I have a qusetion about these values in impala-server metric.
I set `max_cached_file_handles` to 10,000
|max_cached_file_handles (uint64)||Maximum number of HDFS file handles that will be cached. Disabled if set to 0.||0||10000|
However, there are still missed `impala-server.io.mgr.cached-file-handles-miss-count`.
|impala-server.io.mgr.cached-file-handles-hit-count||668||Number of cache hits for cached HDFS file handles|
|impala-server.io.mgr.num-cached-file-handles||253||Number of currently cached HDFS file handles in the IO manager.|
|impala-server.io.mgr.cached-file-handles-miss-count||1467||Number of cache misses for cached HDFS file handles|
Can you tell me how to reduce the miss-count?
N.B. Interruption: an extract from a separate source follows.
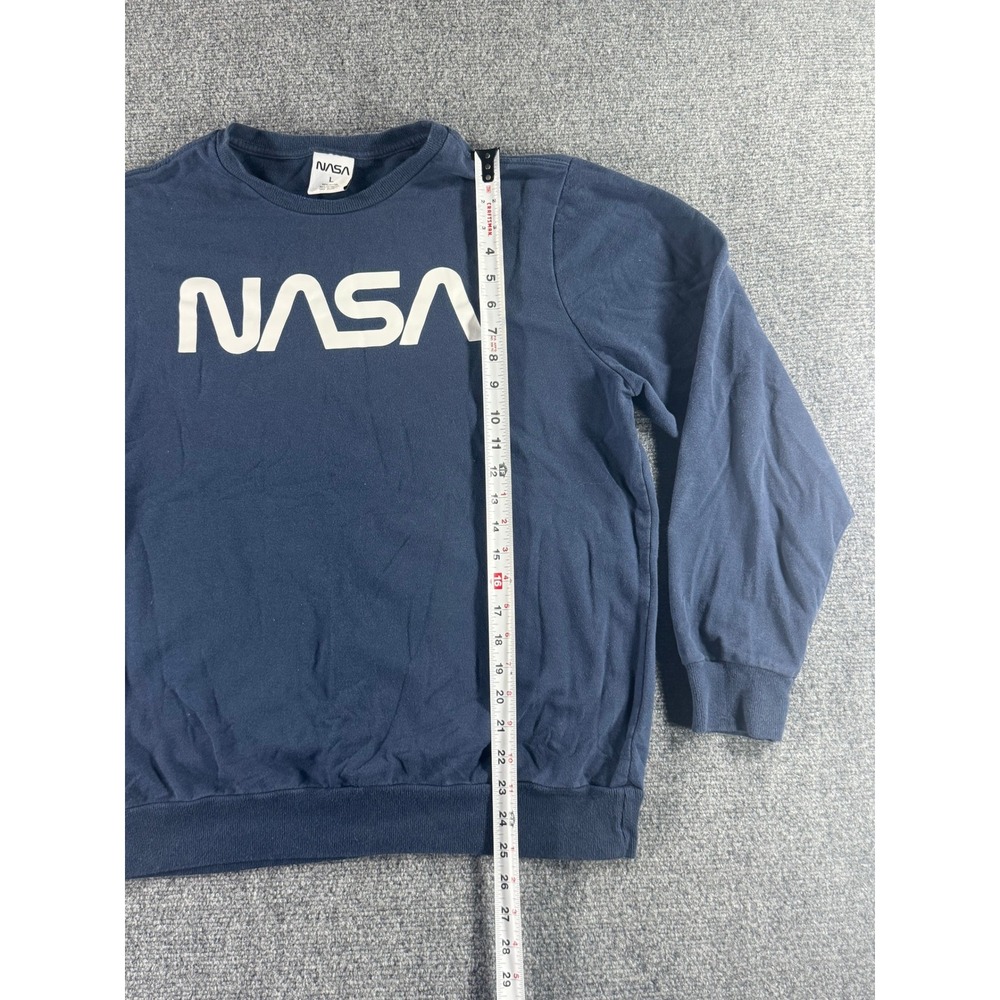 NASA Mens Navy Blue Worm Logo Crewneck Sweatshirt Pullover Size L RN117508 - Picture 4 of 5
Cache misses are common when the cache is warming up. When Impala requests a file handle for the first time, it will not be the cache and Impala needs to open the file handle. It looks like this is what is happening in your case, as the cache is not full. Over time, the ratio of hits to misses will go up as the cache contains more of the file handles that Impala is accessing.
A few things to know:
1. If the cache gets full, then the cache will start evicting the least recently used file handles. If a workload then needs file handle that was evicted, then it will cause a miss again. This is not happening in your case, as the cache is not full.
2. Impala will often have multiple file handles open for the same file, because it is accessing the file from multiple places in multiple threads. This means that the cache will need multiple file handles for the same file. So, the initial number of misses as the cache warms up can exceed the number of files that you are accessing.
I hope this helps.
Thank you for your comment.
Your comment really help me confirm and understand how file-handle-cache works.
Like you said, over time, the hit-count is going up and miss-cout is becoming stable :)
By the way, do you think one cached file handle is used by multiple threads?
A query gets a file handle when it starts processing a file and holds the handle until it is done with the file. Only one thread issues IO on a file handle at a time. When a file handle returns to the cache, it can be picked up by any thread that needs to access the that file.
ah. i see
so, at any given time, a file handle is used by only one thread.
it means a file handle is not used by multiple threads at the same time.
I'm very wonrdering how you know about this very well :)
Thank you very much